13. Yüzyıl ve Türk İslam tarihçisi olan, Türk babaları hakkında yaptığı çalışmaları ile dikkat çeken Dr. Halil Yıldırım, kişisel twitter hesabından Diyanet’in Türkçe karşıtı açıklamasını eleştirdi.

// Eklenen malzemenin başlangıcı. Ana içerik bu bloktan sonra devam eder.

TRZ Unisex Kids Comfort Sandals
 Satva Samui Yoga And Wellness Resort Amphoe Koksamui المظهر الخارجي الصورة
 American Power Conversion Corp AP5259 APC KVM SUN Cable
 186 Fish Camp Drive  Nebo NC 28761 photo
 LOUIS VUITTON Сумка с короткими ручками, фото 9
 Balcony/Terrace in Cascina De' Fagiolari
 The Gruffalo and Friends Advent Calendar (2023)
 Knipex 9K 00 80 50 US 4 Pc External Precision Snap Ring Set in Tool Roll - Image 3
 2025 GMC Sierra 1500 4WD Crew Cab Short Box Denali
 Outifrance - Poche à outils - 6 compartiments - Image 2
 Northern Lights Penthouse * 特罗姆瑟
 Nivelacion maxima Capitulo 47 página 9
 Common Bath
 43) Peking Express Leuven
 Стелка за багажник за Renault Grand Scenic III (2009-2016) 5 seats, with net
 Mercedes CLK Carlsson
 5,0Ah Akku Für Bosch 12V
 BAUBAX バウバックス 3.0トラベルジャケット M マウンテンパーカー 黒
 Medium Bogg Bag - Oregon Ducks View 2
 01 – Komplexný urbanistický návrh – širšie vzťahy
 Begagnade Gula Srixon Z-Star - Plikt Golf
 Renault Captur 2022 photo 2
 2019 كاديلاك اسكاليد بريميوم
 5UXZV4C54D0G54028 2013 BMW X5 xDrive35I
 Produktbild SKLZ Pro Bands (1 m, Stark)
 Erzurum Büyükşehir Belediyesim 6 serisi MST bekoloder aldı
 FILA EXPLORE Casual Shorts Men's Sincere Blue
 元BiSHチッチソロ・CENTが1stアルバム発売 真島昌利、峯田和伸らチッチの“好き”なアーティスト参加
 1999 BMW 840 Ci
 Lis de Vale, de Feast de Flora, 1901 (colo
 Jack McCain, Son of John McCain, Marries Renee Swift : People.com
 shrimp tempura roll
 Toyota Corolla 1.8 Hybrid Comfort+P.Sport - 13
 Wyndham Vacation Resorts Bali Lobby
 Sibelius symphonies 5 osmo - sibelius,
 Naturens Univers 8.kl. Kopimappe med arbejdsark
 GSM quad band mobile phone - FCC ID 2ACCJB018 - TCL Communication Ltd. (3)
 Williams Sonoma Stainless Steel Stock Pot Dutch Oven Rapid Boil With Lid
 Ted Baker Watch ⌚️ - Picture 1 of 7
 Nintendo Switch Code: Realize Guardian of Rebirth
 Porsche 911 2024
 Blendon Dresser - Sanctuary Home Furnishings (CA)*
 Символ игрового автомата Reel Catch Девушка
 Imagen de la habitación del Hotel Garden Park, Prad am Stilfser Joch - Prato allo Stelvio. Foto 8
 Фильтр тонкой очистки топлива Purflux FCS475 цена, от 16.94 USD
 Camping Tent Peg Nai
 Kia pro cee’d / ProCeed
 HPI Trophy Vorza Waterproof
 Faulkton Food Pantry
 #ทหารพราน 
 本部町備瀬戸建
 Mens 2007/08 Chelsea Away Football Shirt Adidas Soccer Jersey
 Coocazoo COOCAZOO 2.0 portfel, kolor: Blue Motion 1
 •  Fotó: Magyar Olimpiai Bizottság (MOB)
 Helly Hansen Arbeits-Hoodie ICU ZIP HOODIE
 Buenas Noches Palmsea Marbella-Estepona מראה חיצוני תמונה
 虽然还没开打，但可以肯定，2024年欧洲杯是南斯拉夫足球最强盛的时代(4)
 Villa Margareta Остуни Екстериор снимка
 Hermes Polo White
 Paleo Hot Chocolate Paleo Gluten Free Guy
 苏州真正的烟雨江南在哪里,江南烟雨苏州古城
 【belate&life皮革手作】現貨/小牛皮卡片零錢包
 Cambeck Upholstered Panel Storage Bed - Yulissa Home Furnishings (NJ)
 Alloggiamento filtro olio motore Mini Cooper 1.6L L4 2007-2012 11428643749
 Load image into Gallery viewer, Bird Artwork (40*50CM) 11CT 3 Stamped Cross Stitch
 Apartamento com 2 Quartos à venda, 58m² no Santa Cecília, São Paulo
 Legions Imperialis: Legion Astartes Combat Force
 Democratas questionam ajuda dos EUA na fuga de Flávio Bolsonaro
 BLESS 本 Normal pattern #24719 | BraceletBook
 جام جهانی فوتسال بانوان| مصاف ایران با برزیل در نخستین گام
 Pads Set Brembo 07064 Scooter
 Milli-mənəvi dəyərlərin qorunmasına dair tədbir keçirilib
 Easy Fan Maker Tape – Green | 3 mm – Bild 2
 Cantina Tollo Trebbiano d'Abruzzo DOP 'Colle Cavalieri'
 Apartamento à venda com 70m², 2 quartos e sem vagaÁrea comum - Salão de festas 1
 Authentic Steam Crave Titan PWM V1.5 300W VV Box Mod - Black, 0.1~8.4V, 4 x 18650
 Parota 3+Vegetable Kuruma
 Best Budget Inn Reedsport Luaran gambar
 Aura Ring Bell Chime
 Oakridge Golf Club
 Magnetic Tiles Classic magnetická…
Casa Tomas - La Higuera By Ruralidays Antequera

Dönemin Emevi mantalitesine de değinen Yıldırım: ‘. Bizde ki Arabça sevdasında olanlar da tıpkı Hişam gibi Arabın Efendi olduğunu kabul ediyor.‘ dedi.

İşte o sözler:

Arapça ve Arapça ibadet Üzerine

Diyanet’in Türkçe ibadeti meşru görmemesi üzerine önceki tivitlerimde görüş bildirmiştim. Arapların üstenci tavrı yüzünden Arapça dışı ibadetin kabul görmemesi ve İslâm dışı sayılması Emevî Sultanı Hişam dönemine dayanıyor. ++

Arapların Arapça titizliği ise çok eskiye. 515 yılında ki bir Dar’ûl Nedve kaydında ” Kâbe etrafında ve Mekke’den Taif’e kadar Arabça dışı konuşan kişilerin Kâbe’ye girişi yasaklanmıştır ” Kanunu ile dillerini nasıl öncelediklerini görebilirsiniz. ++

Arab coğrafyasının tümünde kullanılan ” Acem ” tabiri ise Arabça’yı kullanamayan / kötü kullanan Acemî yahut çaylak demektir. Sanıldığı gibi Fars veya İranlı değil Arabça’yı kötü kullanan demektir. ++

Onur: Arabça ise Kur’an tabiri ile ” lisanul Arabiyyen ” Kur’an size fasih ( açık tane tane ) bir dille indirildi. Yani aslında Arabça kendi terminolojisinde fasih dil bir başka deyişle ( R-B kökü ile Rabbin dili ) demektir. Kısaca millet ismini iyi dil kullanımı ve fasih ifadeden almş

 İslâm öncesi Arab Toplumu; Nebatî, Himyeri, İbranî, Berberî ve Kıptî topluluklarından oluşuyordu. Arabça dil birliği ile birleştiler. Bu birleştirici unsur onları millet yaptı. Arabı arab yapan kullandığı dil oldu. Bir başka deyişle bu dil bir millet oluşturdu ++

Emevî dönemi uygulaması dil önceliğinin bir iz düşümüdür. İslam olmak için Arabça öğrenip dil üstünlüğünü kabul edecek ( onların deyişi ile rab dilini öğrenecek ) sonra İslâm olunacaktır. Bizde ki Arabça sevdasında olanlar da tıpkı Hişam gibi Arabın Efendi olduğunu kabul ediyor.